### INSTRUCTIONS TO FOLLOW
Go through the entries below and pick out every line with "Shirt".
== DATA PROVIDED ==
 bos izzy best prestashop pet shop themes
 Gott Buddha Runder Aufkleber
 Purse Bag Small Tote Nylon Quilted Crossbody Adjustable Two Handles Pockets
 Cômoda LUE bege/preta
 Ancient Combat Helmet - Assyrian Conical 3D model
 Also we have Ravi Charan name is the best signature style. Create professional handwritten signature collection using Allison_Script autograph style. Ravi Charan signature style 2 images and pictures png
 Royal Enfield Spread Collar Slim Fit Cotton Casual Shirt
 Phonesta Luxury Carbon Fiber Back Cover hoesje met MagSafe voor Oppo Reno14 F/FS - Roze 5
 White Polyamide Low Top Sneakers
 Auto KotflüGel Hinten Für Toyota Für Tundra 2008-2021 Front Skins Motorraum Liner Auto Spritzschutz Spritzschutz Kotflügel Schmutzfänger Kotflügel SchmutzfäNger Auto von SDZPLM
===
== DATA PROVIDED ==
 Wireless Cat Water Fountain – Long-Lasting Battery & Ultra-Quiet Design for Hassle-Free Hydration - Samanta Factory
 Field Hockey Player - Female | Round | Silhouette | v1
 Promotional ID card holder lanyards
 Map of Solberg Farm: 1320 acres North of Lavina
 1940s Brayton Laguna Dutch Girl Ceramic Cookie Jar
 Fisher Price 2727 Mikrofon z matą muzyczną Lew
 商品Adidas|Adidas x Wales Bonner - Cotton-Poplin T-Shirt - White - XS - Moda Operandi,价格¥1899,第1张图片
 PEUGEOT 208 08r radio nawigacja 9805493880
===
== DATA PROVIDED ==
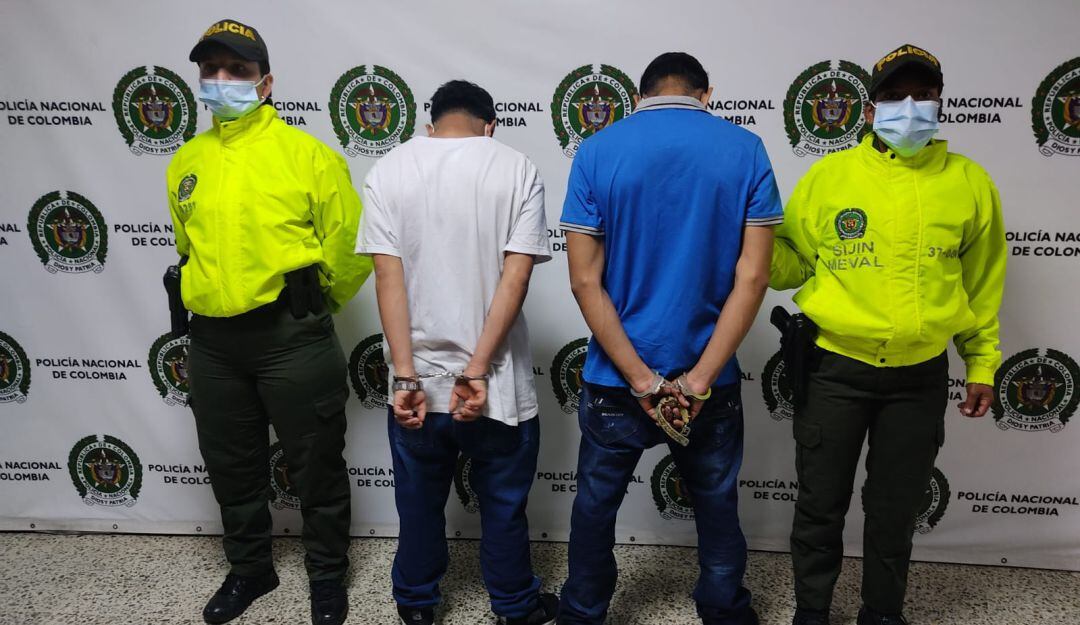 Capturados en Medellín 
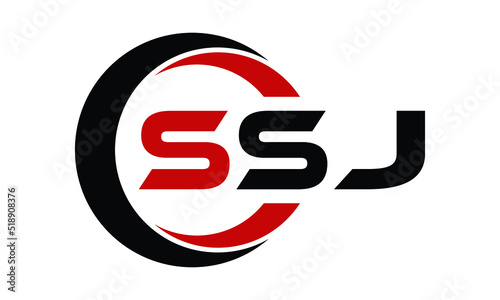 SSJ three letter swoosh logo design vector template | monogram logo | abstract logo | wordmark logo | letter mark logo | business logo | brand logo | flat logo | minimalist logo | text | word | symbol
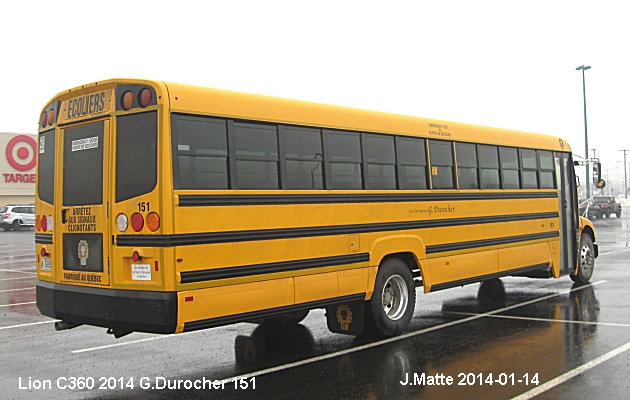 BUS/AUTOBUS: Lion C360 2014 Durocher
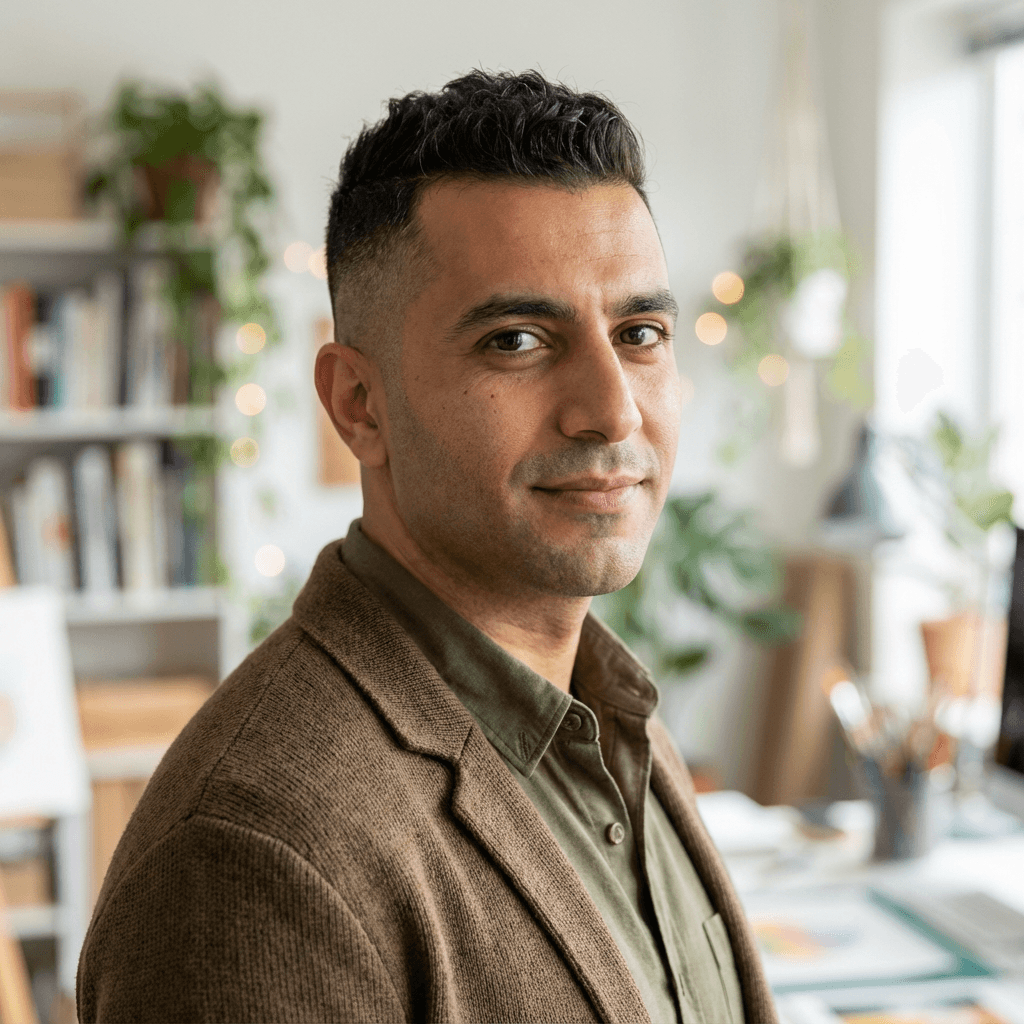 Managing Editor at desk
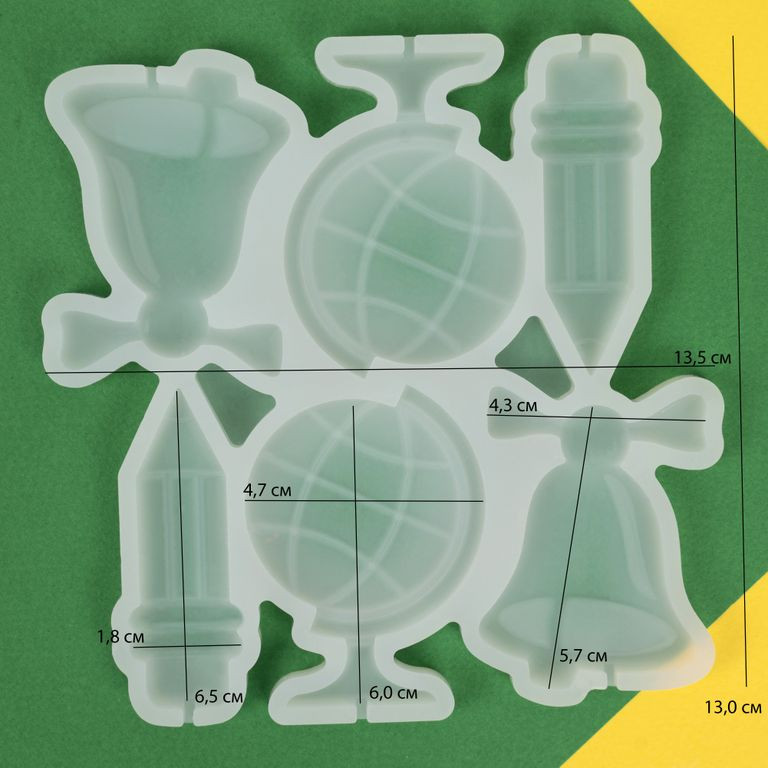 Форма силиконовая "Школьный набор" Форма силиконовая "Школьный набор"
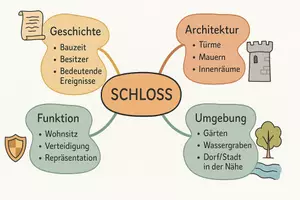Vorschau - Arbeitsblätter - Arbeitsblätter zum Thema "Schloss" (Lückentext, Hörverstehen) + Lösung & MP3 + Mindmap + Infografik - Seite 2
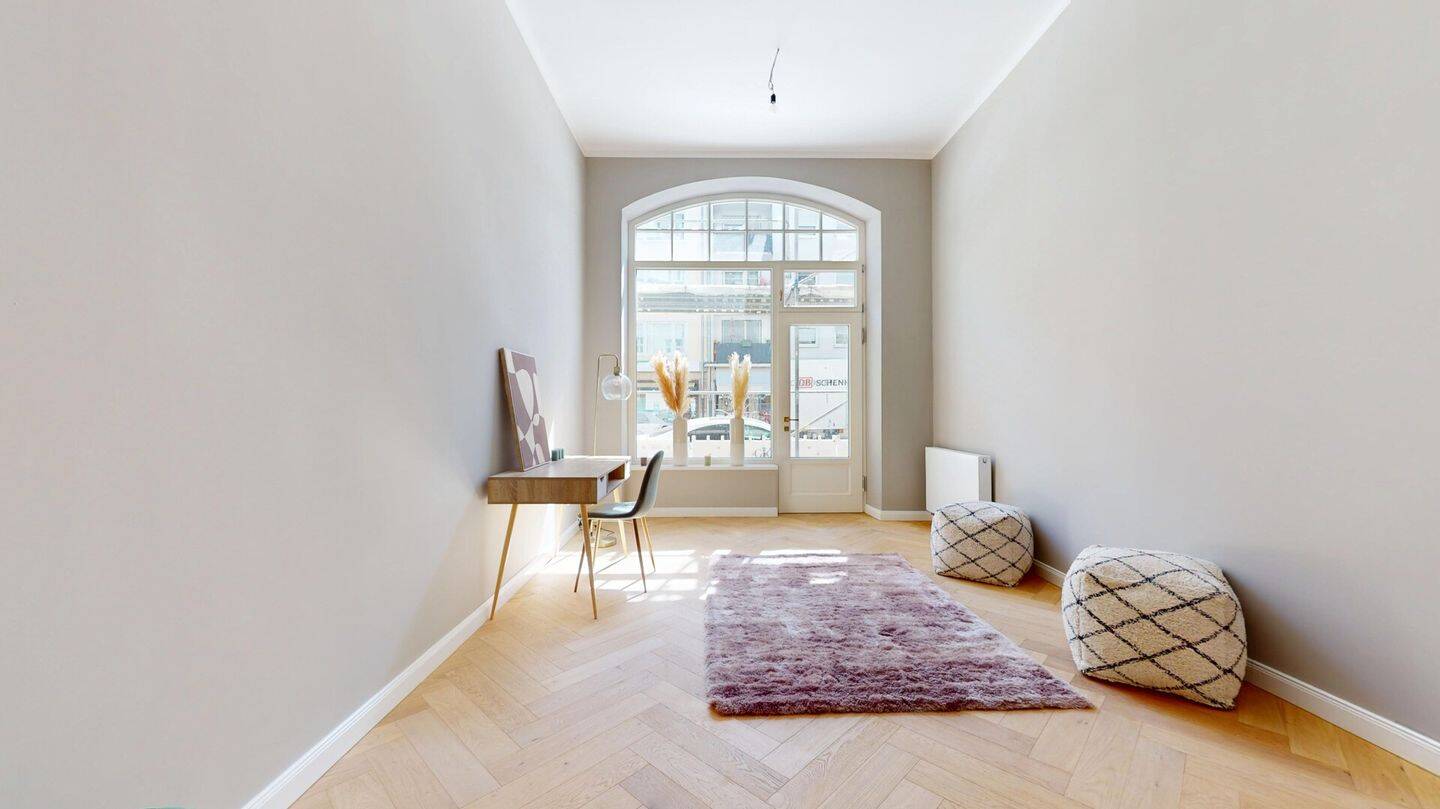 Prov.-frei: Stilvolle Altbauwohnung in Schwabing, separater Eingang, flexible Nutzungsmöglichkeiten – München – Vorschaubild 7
===
### OUTPUT OF THE TASK
 Royal Enfield Spread Collar Slim Fit Cotton Casual Shirt
 商品Adidas|Adidas x Wales Bonner - Cotton-Poplin T-Shirt - White - XS - Moda Operandi,价格¥1899,第1张图片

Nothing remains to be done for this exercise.